Side photo of a Norwich Terrier.


Judging the Norwich Terrier – A Breeder’s Perspective

My perspective of judging Norwich Terriers is that of a breeder. I’m not an AKC licensed judge. From inside the ring, my experience is limited to judging two Norwich Sweepstakes and a couple of matches; just enough to appreciate how difficult judging can be. That said, from outside the ring, I’ve spent hundreds of hours judging Norwich. Through the lens of a breeder, I view the purpose of dog shows as being to facilitate evaluation of future breeding stock.

Judging Norwich Terriers

Although the smallest of the terriers, Norwich should have substance—never fine-boned or toy-ish.

Whether inside or outside the ring, my approach is to evaluate the overall dog first. I make my “first cut” on type. I’m looking for a hardy little hunt terrier who appears capable of dispatching small vermin. He is fearless and never shy. Although the smallest of the terriers, Norwich should have substance—never fine-boned or toy-ish. He is a sturdy dog in a small package and surprisingly heavy when lifted.
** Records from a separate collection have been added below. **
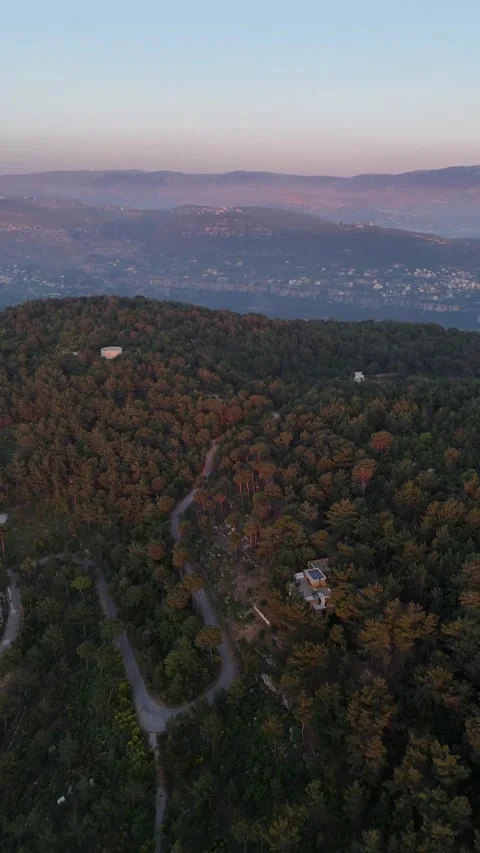 Trees mountains sky sunset 库存影片 313534791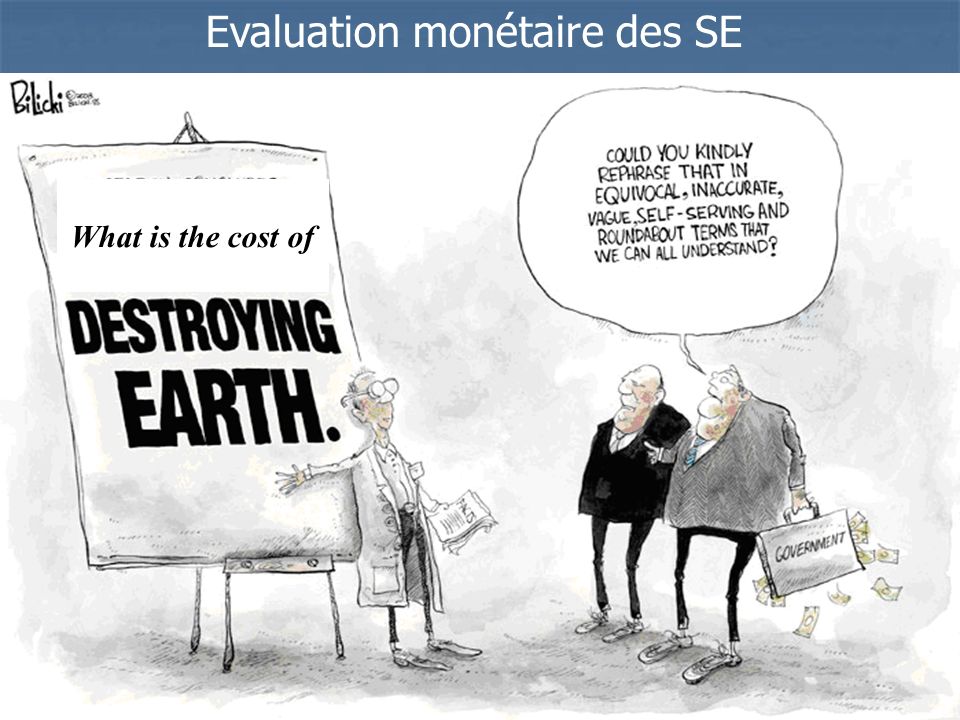 Evaluation monétaire des SE
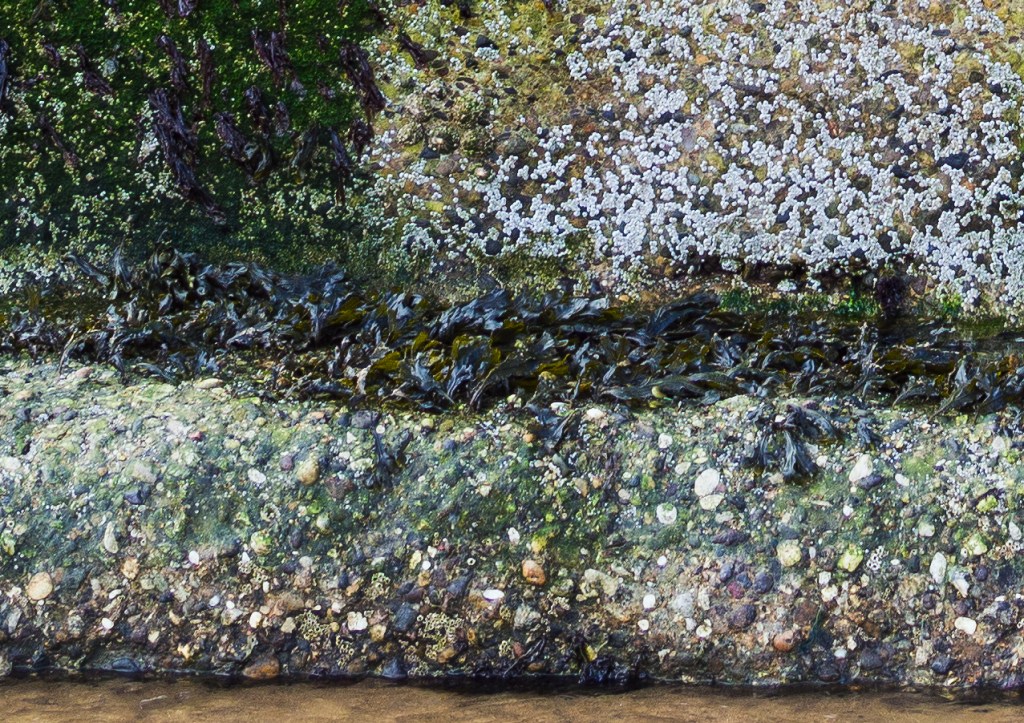 100% magnification. Click to zoom in fully.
First, I like to watch a Norwich moving. He should cover the ground efficiently. His neck should be of sufficient length and not stuffy, blending into well-laid-back shoulders to enable good reach. His height is achieved from depth of body, not length of leg. His body is short-coupled, with good spring of ribs and just a little distance from the last rib to the tail. His should have short, strong hocks and sufficient angulation to propel him forward, with his topline remaining level. In keeping with his working origin, the Norwich tail is medium-docked and of sufficient length to grasp. It is set high at 12 o’clock. All the pieces should fit together to give a pleasing picture of a small, sturdy, spirited dog who moves with confidence and purpose. He should not appear long-cast or too stuffy.

Heads are important for correct breed type. The wedge-shaped muzzle is strong and slightly tapering. The Norwich Breed Standard says a “slightly foxy expression.” That doesn’t mean a fox-shaped muzzle. Rather, it means that his expression is alert, keen, and interested. The skull is broad and slightly domed. His eyes are dark and a medium oval size. Round eyes look toy-ish and spoil the expression. His small prick ears should be set well apart and not too high on his head. He has a pronounced stop, and his muzzle is neither too long nor too short. The proportion of the head is approximately two-fifths muzzle and three-fifths backskull. The Standard says, “Tight-lipped with large teeth. A scissor bite.” It is silent about missing teeth.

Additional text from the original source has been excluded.